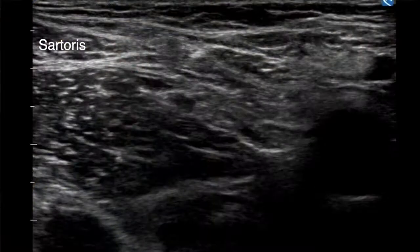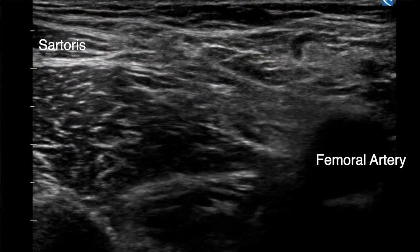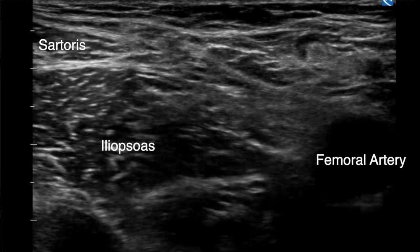We perform the fascia iliaca block with placement of an ONQ catheter utilizing the lateral to medial approach at the level of the femoral crease. Here, we can visualize the sartorius muscle in the superficial and lateral position, the common femoral artery in the medial position, and the iliopsoas muscle with its overlying fascia in the deep position.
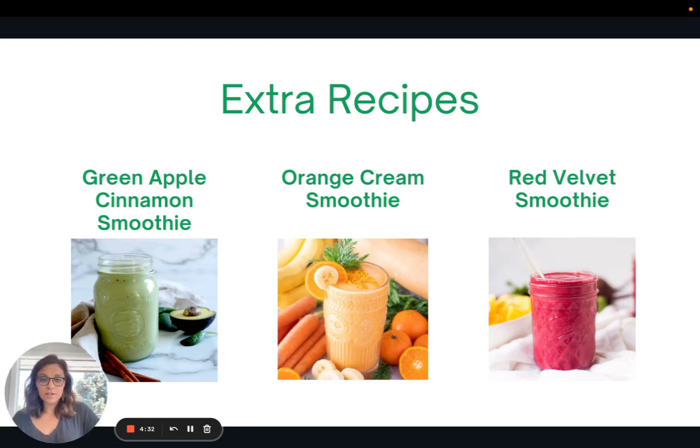These are some extra recipes that I'll be linking in the article version: a green apple cinnamon smoothie, an orange cream smoothie, and a red velvet smoothie. These are all whole foods plant-based smoothies — absolutely delicious and they help you get a wide variety of different fruits and vegetables, as you can see by the colors of the smoothies.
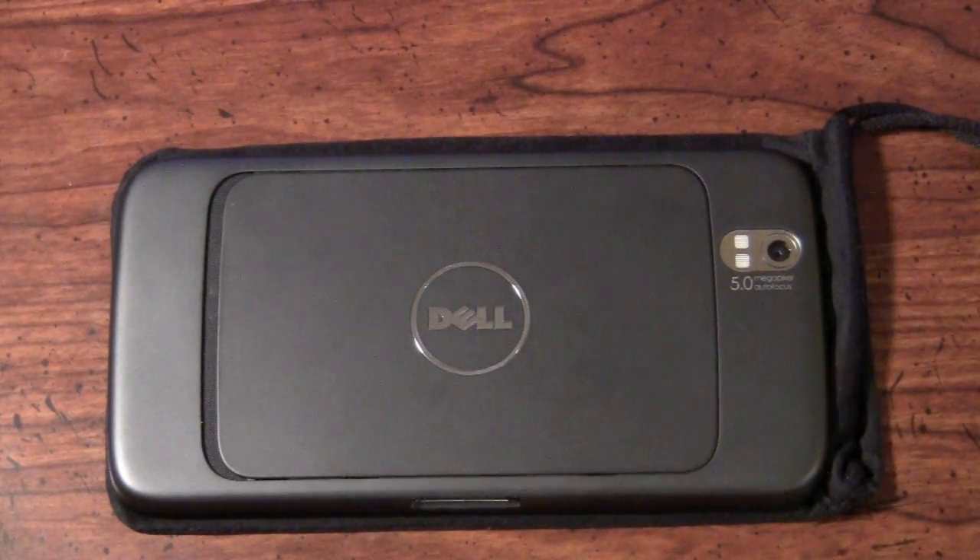Hey guys, it's Jeff Freena with Pocketnow.com and it's time to give you the hardware overview of the Dell Streak Android Tablet.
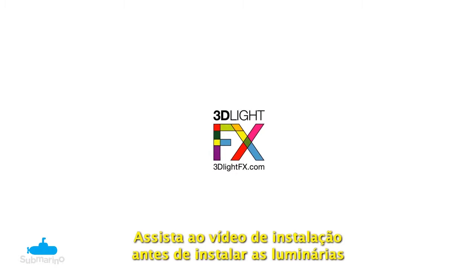Be sure to check out the simple 3D crack sticker installation video before installing your 3D Deco Light.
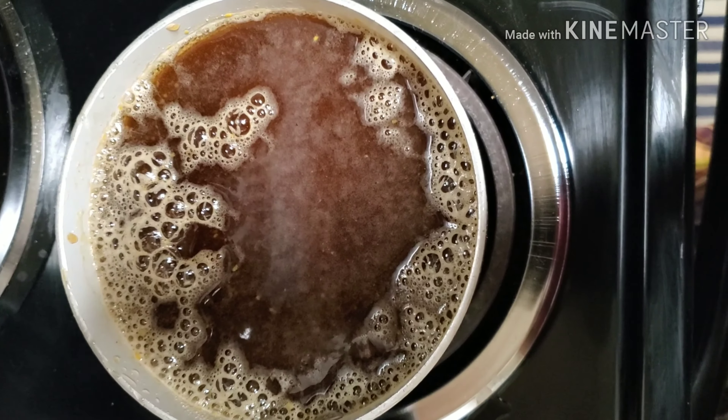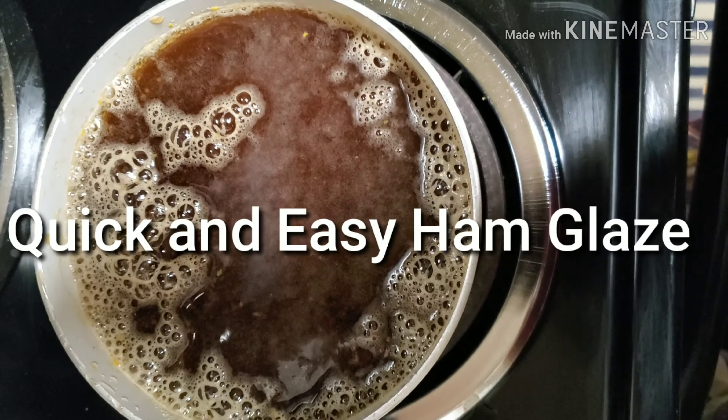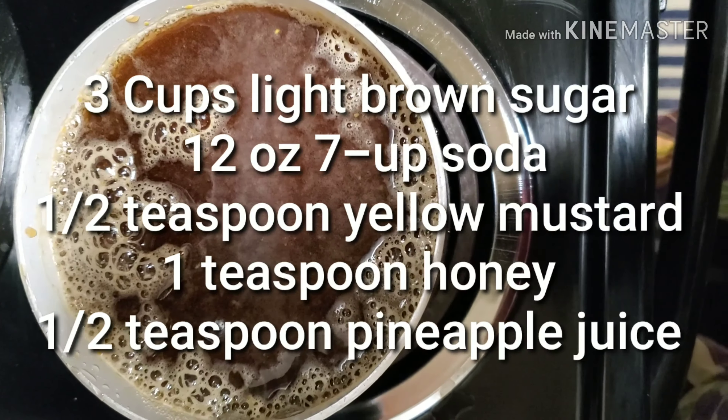What's up guys, Stephanie here from Southern Girl Cooks. I'm going to be making a quick ham glaze for you. It only takes about five ingredients, it's super fast, quick and easy, and it's amazing.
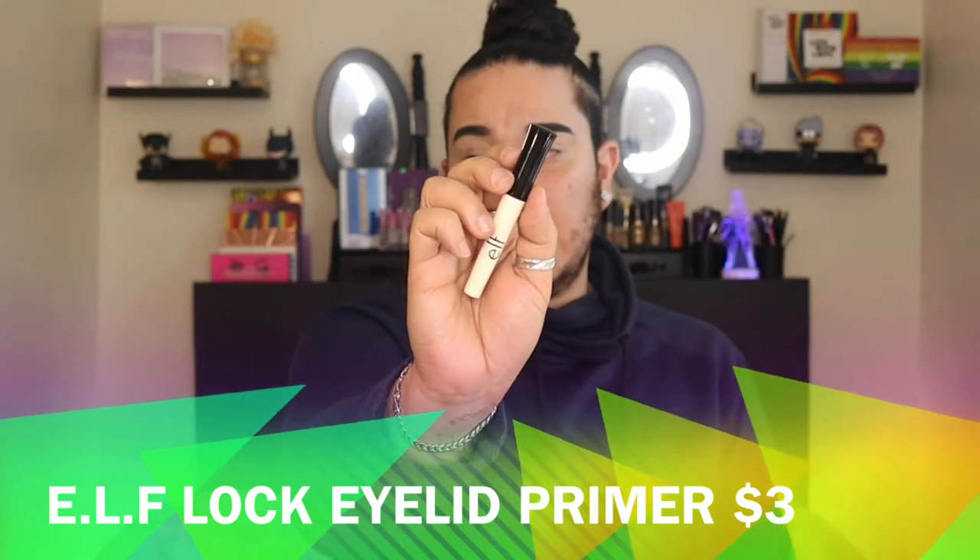I primed my lids just to save some time. I went in with this ELF eye primer — this one is actually really good, it's like a dupe for the Urban Decay Primer Potion. It's really good.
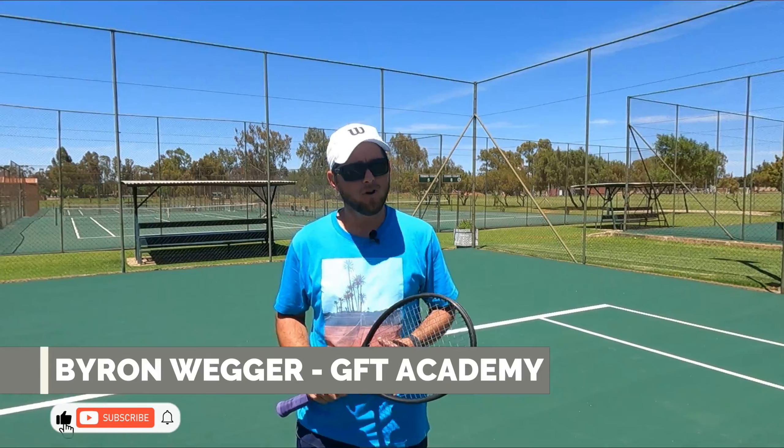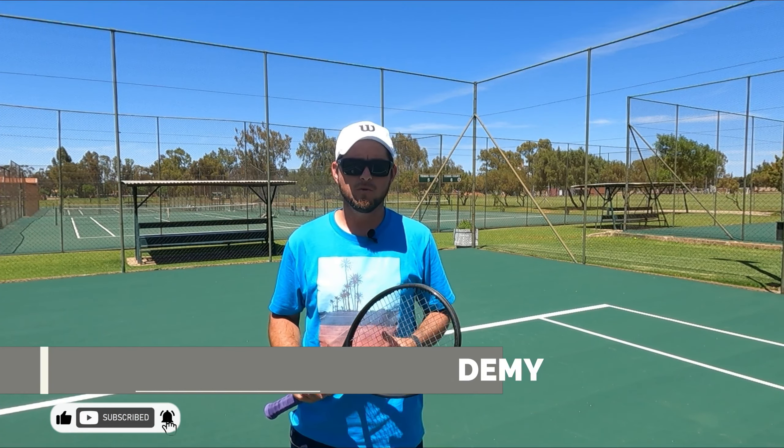Today's tip of the week is the backhand follow through. How should we follow through and am I doing it correctly?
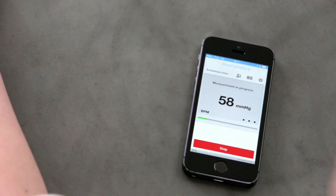Ready? Now simply press the button to start. On your smartphone, tap on the start button to launch the measurement.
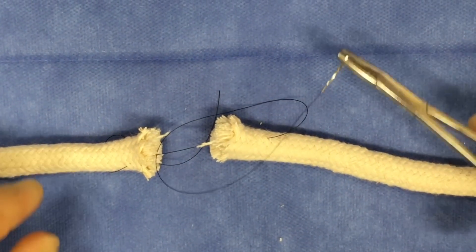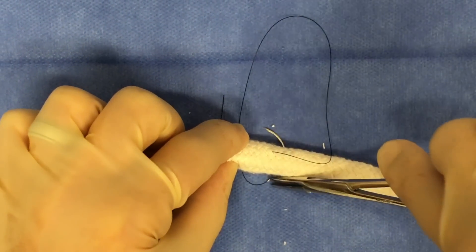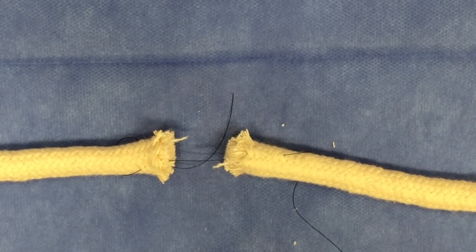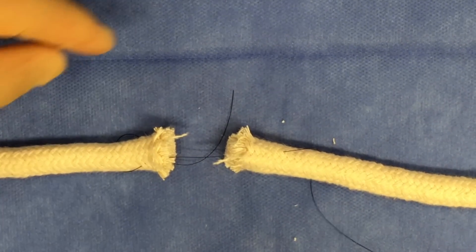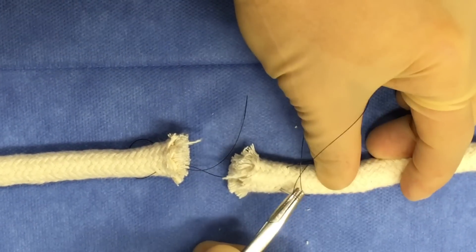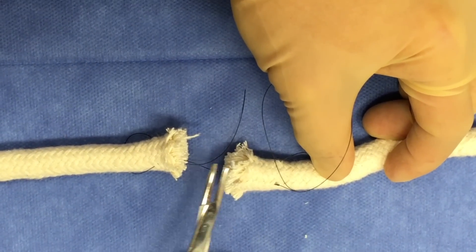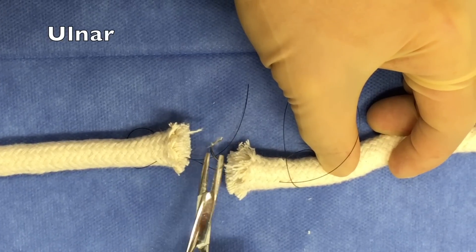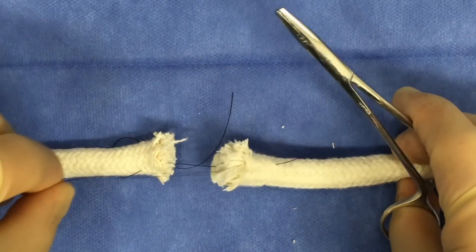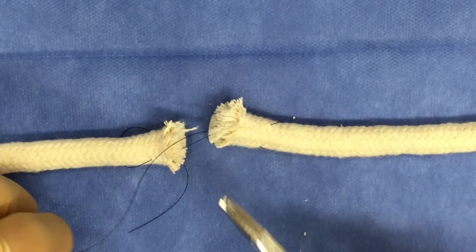Instead of continuing on to the radial side of the other cut end of the tendon, you're going to make a type of X shape and cross back over to the ulnar side of the tendon as you enter through the cut edge and exit through the dorsal surface of the tendon. You'll then again pass the suture behind the tendon, or suture through the tendon itself. This time you'll enter through the dorsal surface on the radial side of the tendon and crisscross as you exit through the cut end, coming out to meet the suture end on the ulnar side. When you finally tie this off, you're going to get that familiar figure of eight shape within the tendon itself, rather than the rectangular mattress suture pattern.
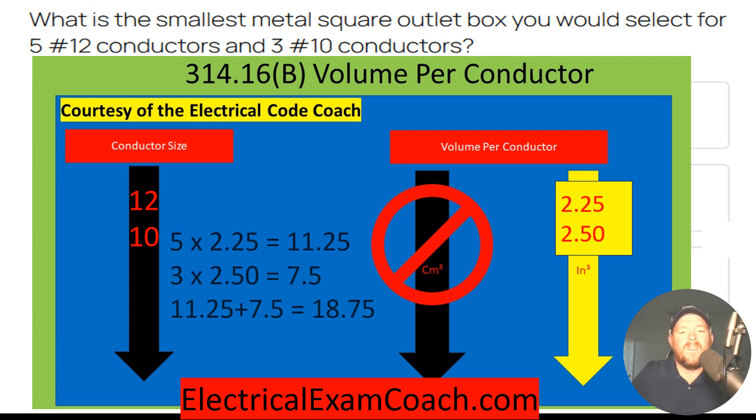Now we just do some math. We take all of our 12s, which is 5, and we multiply that by 2.25, and that's going to give us 11.25. Then we take our 10-gauge conductors, which is 3, and we multiply that by 2.50, which is going to give us 7.5.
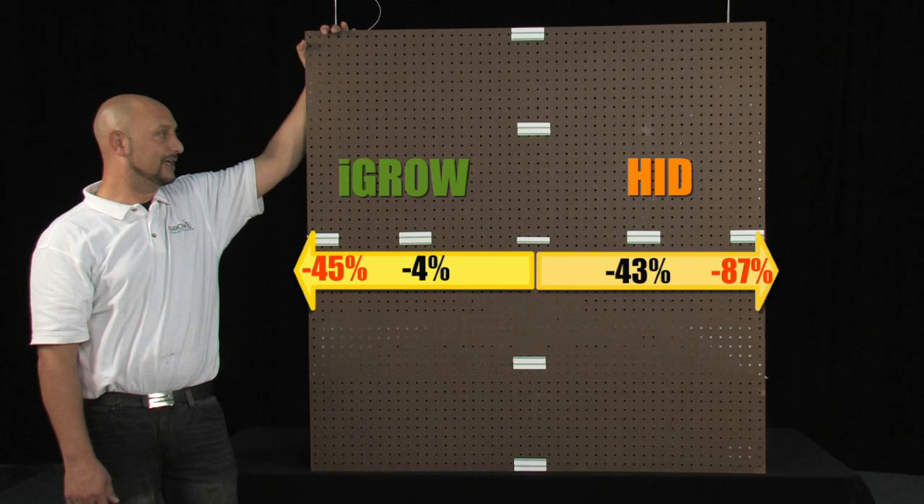We did the same test side to side and iGrow outperformed the HID at every 12 inch marker. To see the full story, go to the iGrow Lights YouTube channel.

_ _ _ _

# [Task instructions]
In the listing above, find the line containing "What's up guys, Stephanie" and the line containing "Ready? Now simply". Reproduce those lines and all between them exactly, with no pictures and nothing more.

# [Written response]
What's up guys, Stephanie here from Southern Girl Cooks. I'm going to be making a quick ham glaze for you. It only takes about five ingredients, it's super fast, quick and easy, and it's amazing.
I primed my lids just to save some time. I went in with this ELF eye primer — this one is actually really good, it's like a dupe for the Urban Decay Primer Potion. It's really good.
Today's tip of the week is the backhand follow through. How should we follow through and am I doing it correctly?
Ready? Now simply press the button to start. On your smartphone, tap on the start button to launch the measurement.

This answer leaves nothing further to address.